Da Betlemme, a ogni modo, padre Romanelli è in contatto costante con i suoi assistenti e i suoi parrocchiani. Su Facebook condivide video e immagini scattate in questi giorni. Come quelle del rosario quotidiano, recitato anche ieri alla Sacra famiglia, in piedi, in un campo di basket.

“Preghiamo per la pace, dopo l’appello dell’Angelus del Papa, nella speranza che venga accolto anche quello rivolto dal cardinale Pizzaballa per una giornata di raccoglimento e digiuno martedì prossimo” dice padre Romanelli. Convinto che in realtà pregare si possa e si debba in ogni momento, senza fermarsi: “Ci affidiamo alla Madonna, al Nostro signore Gesù Cristo, a San Giuseppe e alla Sacra famiglia, che è la nostra patrona; a Gaza secondo la tradizione passò per due volte, prima fuggendo da Betlemme in Egitto attraverso la ‘via maris’ e poi tornando dall’Egitto verso Nazareth”.

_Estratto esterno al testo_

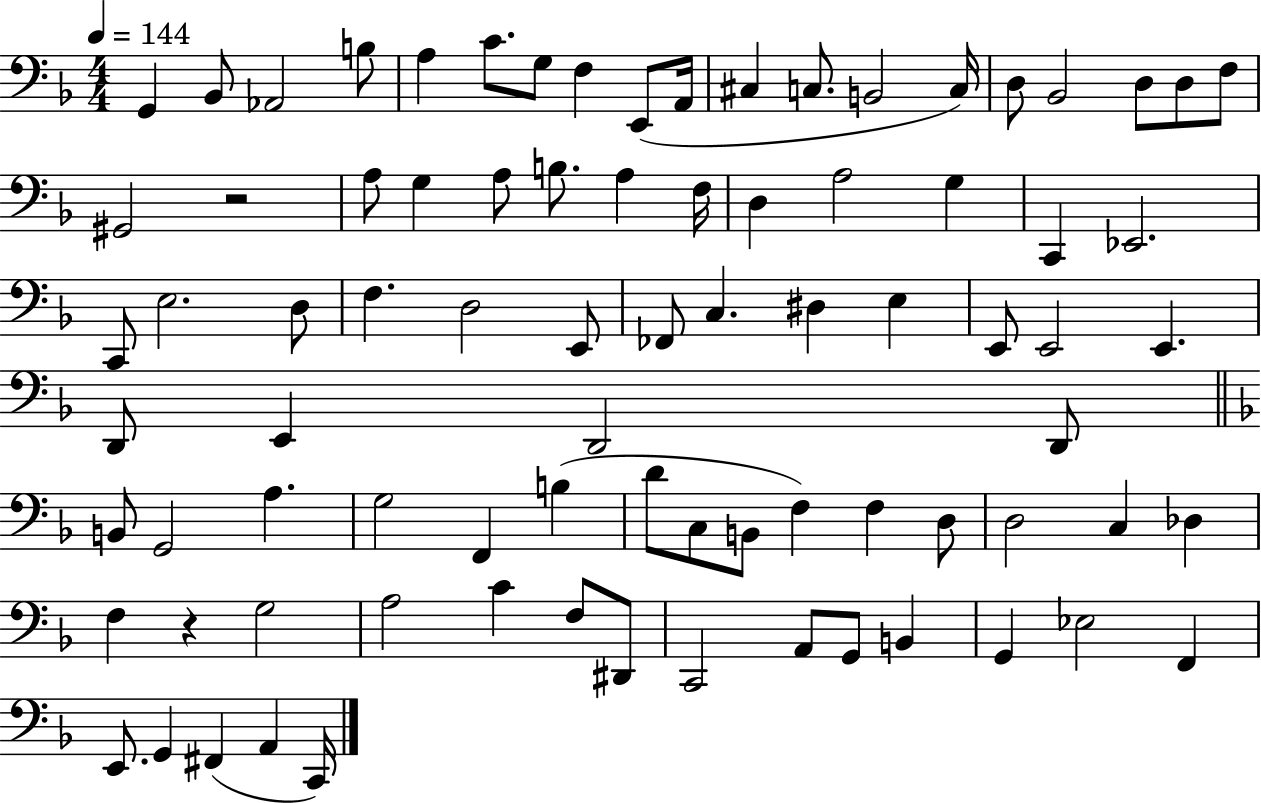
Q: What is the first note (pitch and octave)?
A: G2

Il sacerdote parla di pace consapevole delle difficoltà. “Che ci sia almeno uno stop delle ostilità e che si aprano almeno corridoi umanitari” sottolinea: “Penso a coloro che sono stati privati della libertà e all’assistenza per gli almeno 5.763 feriti nella Striscia“.

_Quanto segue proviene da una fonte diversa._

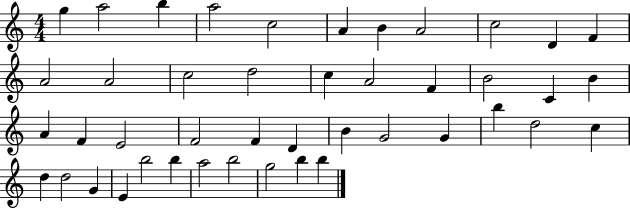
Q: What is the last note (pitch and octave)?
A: B5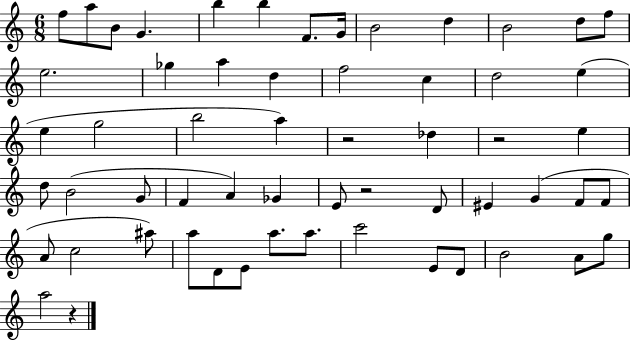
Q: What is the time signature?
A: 6/8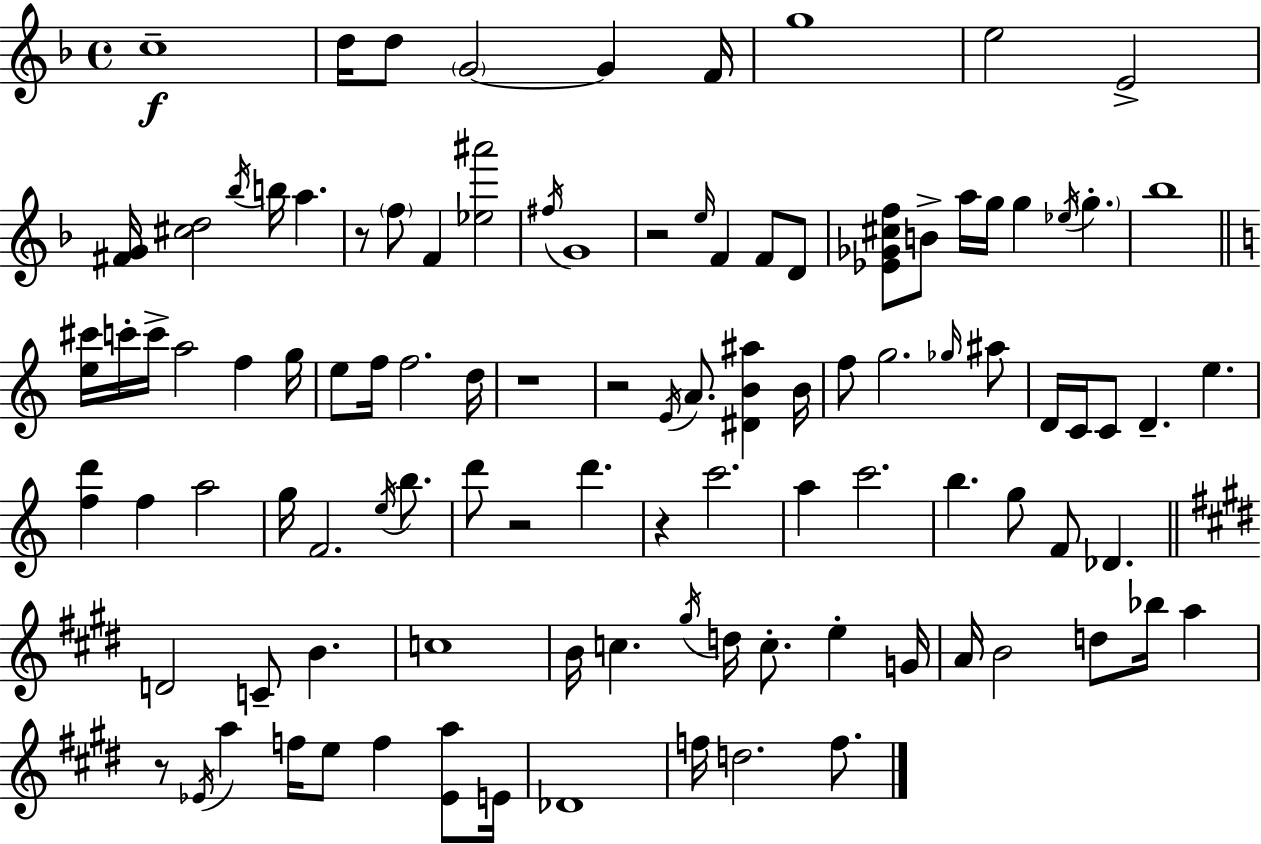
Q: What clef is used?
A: treble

NELLA STRISCIA 1.200 MORTI, SEI SU DIECI BAMBINO O DONNA

C’è poi chi la vita l’ha persa, in Israele, dove i morti sono almeno 1.110, e a Gaza. “Nelle Striscia le vittime sono già oltre 1.200” riferisce padre Romanelli, citando le ultime stime del locale ministero della Salute. “In sei casi su dieci a restare uccisi sono stati bambini e donne“.

Nella Striscia, che con oltre due milioni di abitanti è una delle regioni più popolose del mondo, vive una piccola comunità cristiana composta da circa mille fedeli.
Al riguardo padre Romanelli ricorda di aver ricevuto una telefonata dal Papa domenica: “Mi ha manifestato la sua vicinanza e la sua preghiera per tutta la comunità ecclesiale di Gaza e per tutti i parrocchiani e gli abitanti”. Secondo le stime del ministero della Salute, le persone costrette ad abbandonare le proprie case, ma impossibilitate a lasciare la regione, sono già più di 340mila.

LA DENUNCIA ONU: “340MILA IN FUGA MA CONFINI CHIUSI”

Sono almeno 340 mila le persone costrette a lasciare le proprie case nella Striscia di Gaza in conseguenza dei bombardamenti avviati da Israele sabato: lo ha riferito oggi l’Agenzia dell’Onu per i rifugiati in Palestina e Medio Oriente (Unrwa).
L’organizzazione ha sottolineato che in 92 scuole che gestisce nella regione sono stati accolti quasi 220mila civili. Secondo Unrwa, “senza accesso umanitario per garantire cibo e forniture essenziale si creerà una crisi idrica” (fonte Dire).